« Nous notons un changement dans la gestion des luzernières. Elles sont majoritairement cultivées au-delà de deux ans : environ 80 % sont conservées 3 ans et 20 % des luzernes de 3 ans sont conservées 4 ans. Ce facteur joue en faveur du stockage du carbone », note Pascal Thiébeau, ingénieur d’études à l’Inrae de Reims. Actuellement, le bilan carbone d’une luzernière de 2 ans, du semis à la sortie usine, se révèle très positif : + 380 kg de carbone stockés dans les sols. La filière luzerne envisage donc assez vite des initiatives de compensation sur luzerne, avec le label bas carbone. « Les porteurs de projets labellisés pourront désormais se faire rémunérer par un partenaire privé ou public pour des émissions évitées et/ou compensées », souligne Éric Masset, Président de Luzerne de France dans le rapport Luzerne 2026.
Excellent capteur d’azote
La luzerne joue un double rôle sur la captation du carbone et de l’azote. « Dans la culture, on observe une forte augmentation de la biomasse racinaire entre la première et la deuxième année, qui se poursuit les années suivantes. Les racines de la luzerne peuvent descendre jusqu’à 2 mètres de profondeur dans les terres de craies de Champagne », affirme Pascal Thiébeau. Cette capacité d’enracinement fait de la luzerne un formidable capteur d’azote. « La luzerne peut aller chercher en profondeur des flux d’azote que les cultures céréalières annuelles ne parviennent pas à capter. C’est un atout pour les nappes phréatiques de ces régions » ajoute-t-il. Sachant que les nitrates descendent dans le sol à la vitesse de 30 cm/an en Champagne, les luzernes font partie des leviers pour diminuer le flux d’azote qui arrive dans les nappes souterraines.
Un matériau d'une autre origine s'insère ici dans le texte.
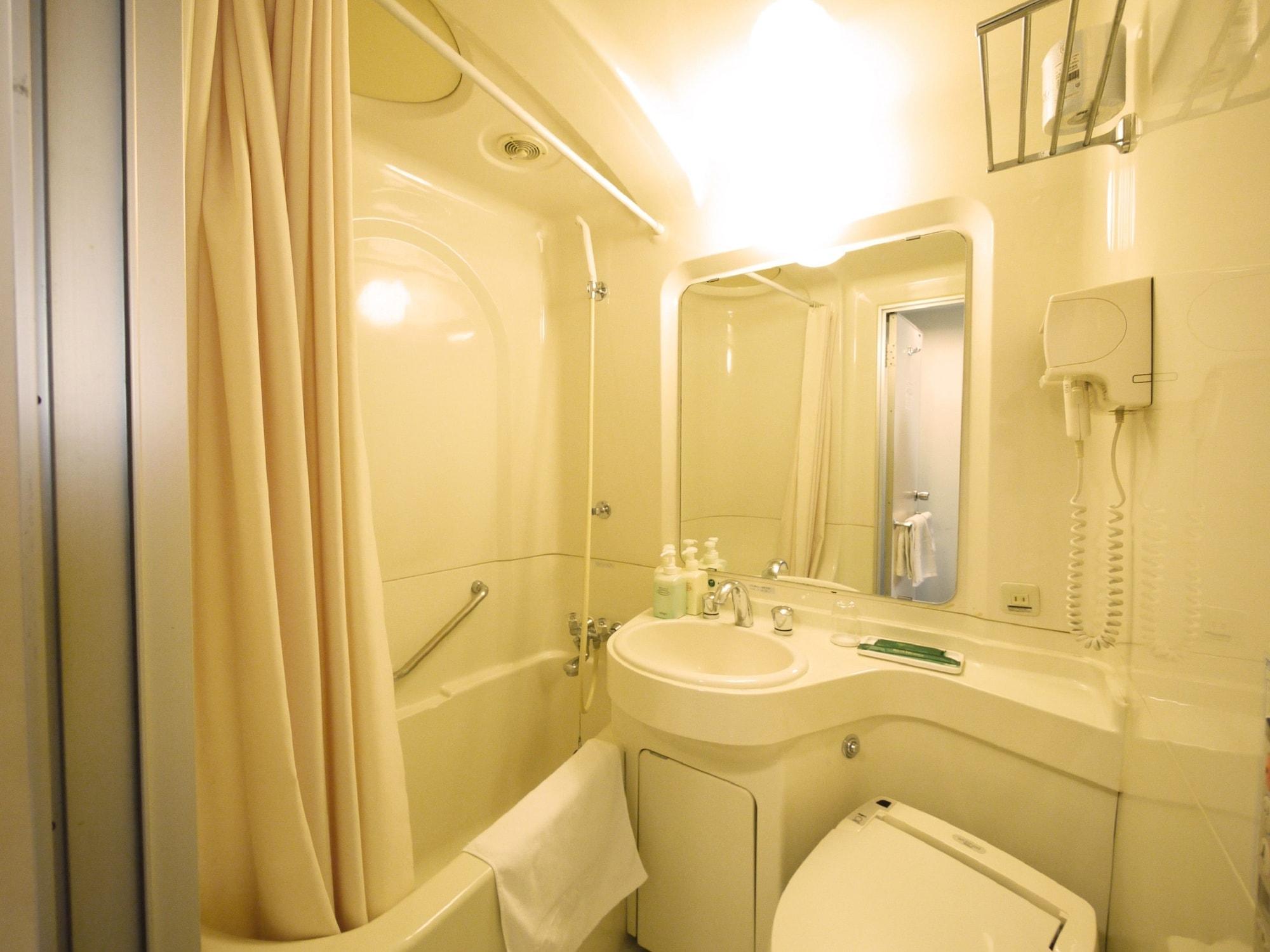 Hotel Route-Inn Komoro Luaran gambar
« La filière doit négocier le virage des produits phytosanitaires », annonce aussi Éric Masset. La luzerne fait partie des productions végétales nécessitant peu d’intrants chimiques. Le poste principal est occupé par les désherbants en post-levée, qui sécurisent l’implantation. Malgré tout, devant la pression réglementaire, les fournisseurs renouvellent de moins en moins certaines homologations par ailleurs peu rentables. La Coopération agricole Luzerne de France a choisi d’avancer sur le déploiement de pratiques alternatives utilisant moins de produits phytosanitaires ou privilégiant des techniques de biocontrôle.
Face au climat
Pour développer les surfaces de luzerne, le principal défi reste celui du changement climatique. Avec ses périodes sèches, il impacte la luzerne depuis plusieurs campagnes, avec des pertes de production répétées. Les « bonnes années » sont celles bénéficiant de pluies régulières, ce qui n’a pas été le cas en Champagne-Ardenne au cours des cinq dernières années. Cela génère à la fois des difficultés au semis et au démarrage de la culture et des baisses de rendement. La perte concerne surtout la troisième coupe, qui peut perdre 1 à 2 tonnes de matière sèche par hectare. En 2020, la météo a fait passer la moyenne française près de la limite basse des 10 t MS/ha. En Italie, la situation paraît encore pire, car les deux dernières campagnes enregistrent une baisse moyenne de 25 % des rendements en luzerne. En France, plusieurs leviers sont testés pour faire face au changement climatique : semis sous couvert et variétés au démarrage plus précoce. « La technique de semis de luzerne sous couvert de pois semble bien au point », relève Pascal Thiébeau, « cependant elle ne s’est pas encore développée ».